Boyd beschreibt in den Liner-Notes zu „Way To Blue“ anschaulich, nach welchen Kriterien er sich die Künstler aussuchte, die schließlich 2010 und 2011 an den Tribute-Konzerten in London und Melbourne teilnahmen. Er fand eine gemeinsame Band (unter anderem mit Drakes einstigem Kontrabassisten Danny Thompson), zu deren Song-Interpretationen verschiedene Sänger und Sängerinnen auftraten. Ähnlich wie die Ehrung Kate McGarrigles, sind diese Live-Aufnahmen an Sensibilität und Noblesse nicht zu überbieten.

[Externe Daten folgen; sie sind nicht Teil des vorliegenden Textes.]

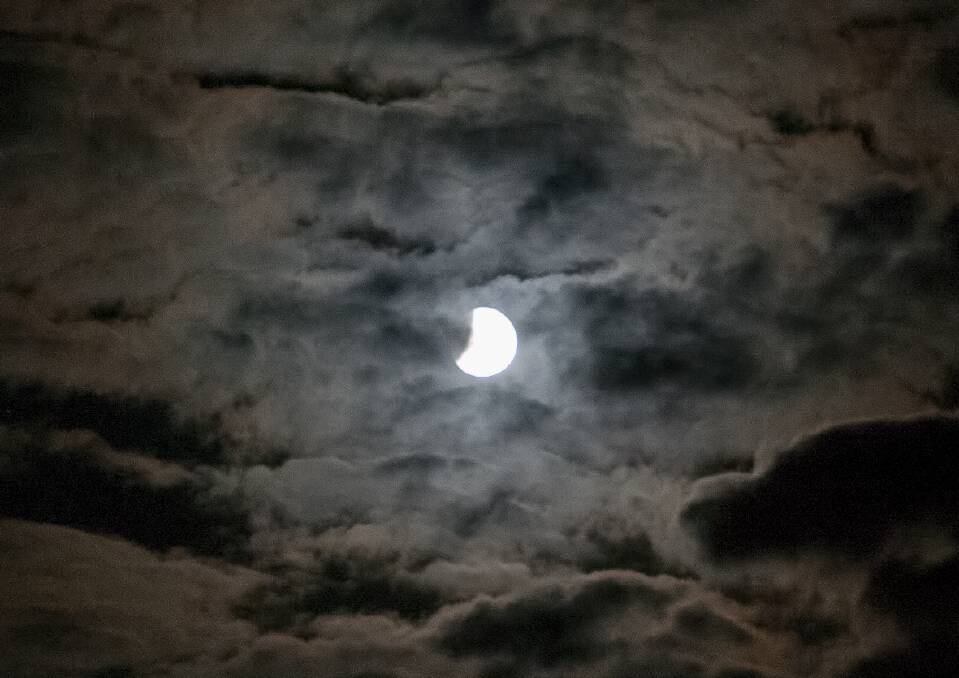Unfortunately for most people across our region the moon appeared void of any red and was at times obscured by heavy cloud. Picture: PETER PICKERING 
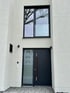 Moderne Haustür und Seitenfenster mit Hausnummer 18 in weißer Fassade.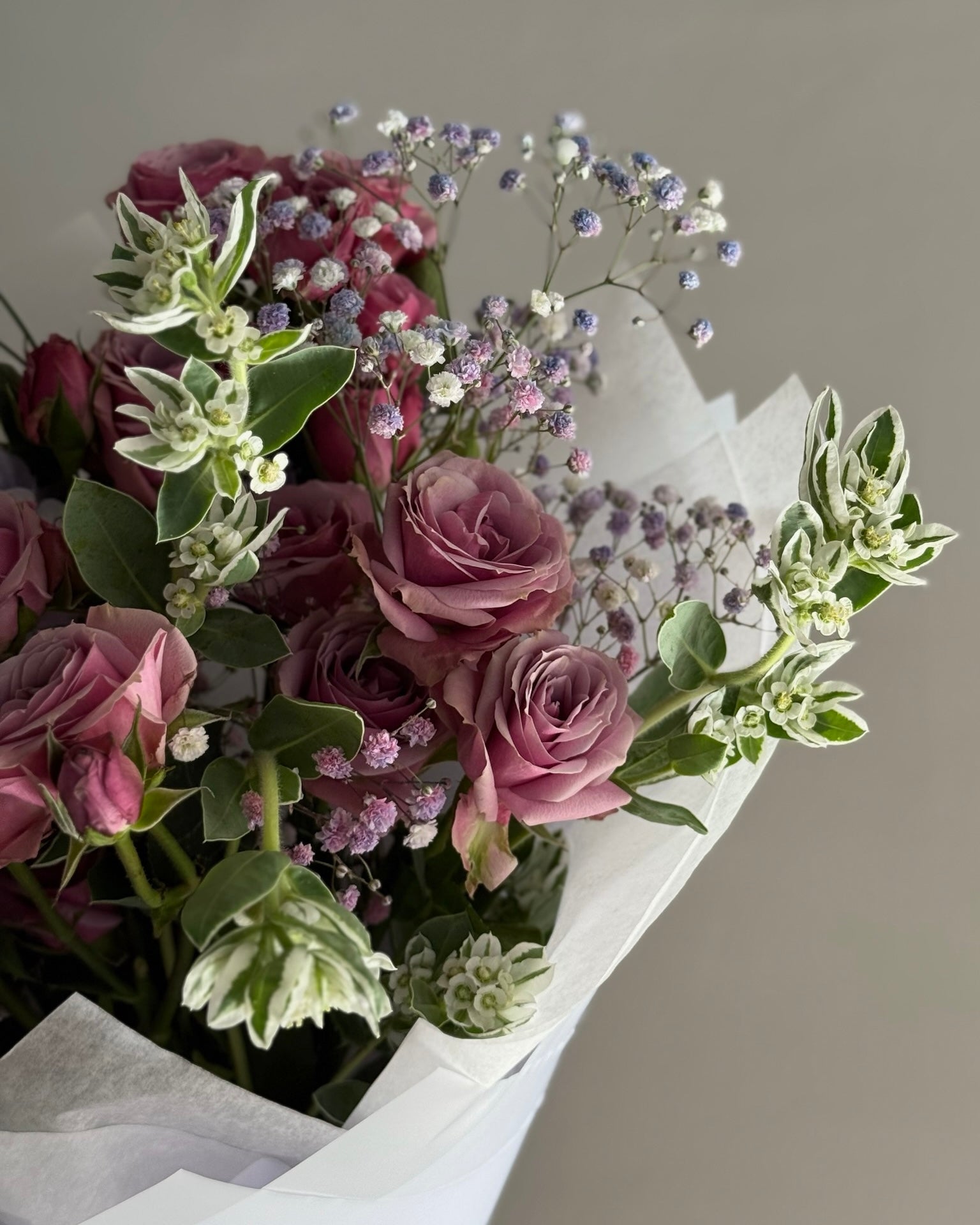 Bouquet of pink roses and greenery on a neutral background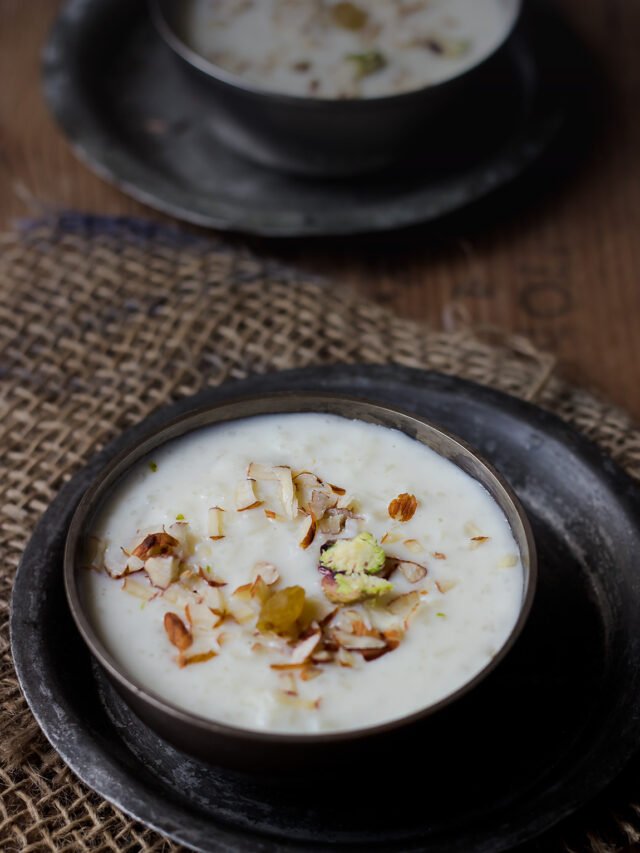 A bowl of creamy rice kheer garnished with almonds and saffron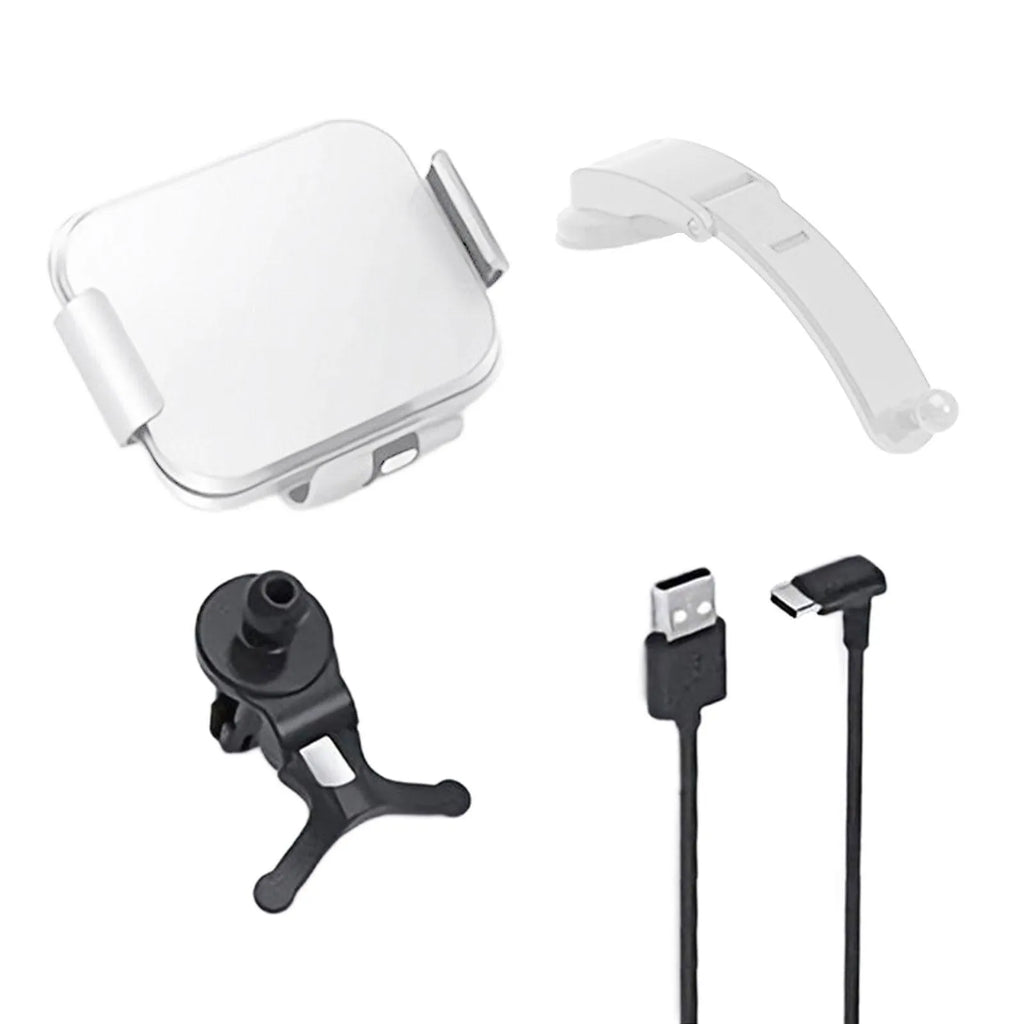Grey and white car wireless charging phone holder with vent clip and suction cup mount on a dashboard.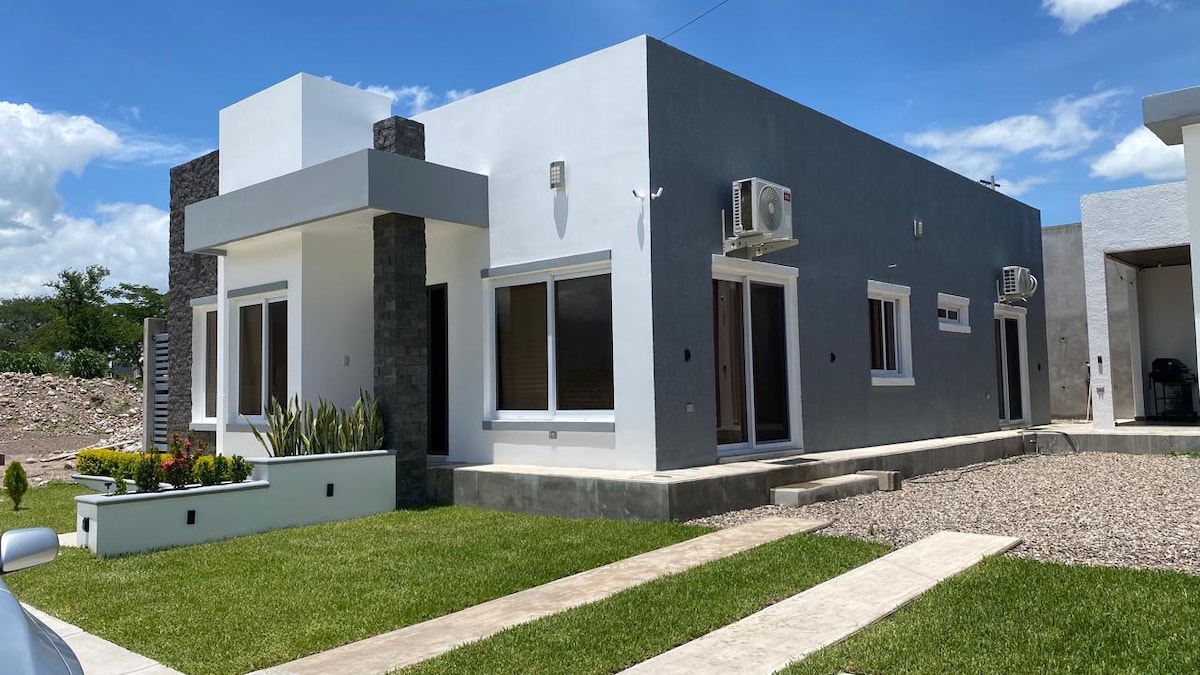 A modern single-story home features a combination of light and dark exterior walls. Landscaped grounds with green grass and flower beds are visible. The structure includes multiple windows and air conditioning units, offering a spacious and well-lit entrance.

Teddy Thompson und Krystle Warren waren auch beim Drake-Tribute dabei, ansonsten sangen bei diesen Konzerten unter anderem Green Gartside (Scritti Politti), Robyn Hitchcock und Lisa Hannigan. Alle Teilnehmer erfüllten Boyds Vorgabe, die edlen Drake-Kompositionen nachzuempfinden, aber nicht einfach zu kopieren. Deshalb klingt keine der hier versammelten Stimmen wirklich nach Nick Drake, andererseits weicht auch kein Künstler allzu weit vom bewährten Folk-Jazz-Weg ab. Ein mustergültiges Projekt, bei dem unvergleichlich schöne Songs wie „River Man“, „Poor Boy“ oder „Pink Moon“ aufs Neue im angemessenen Glanz erstrahlen.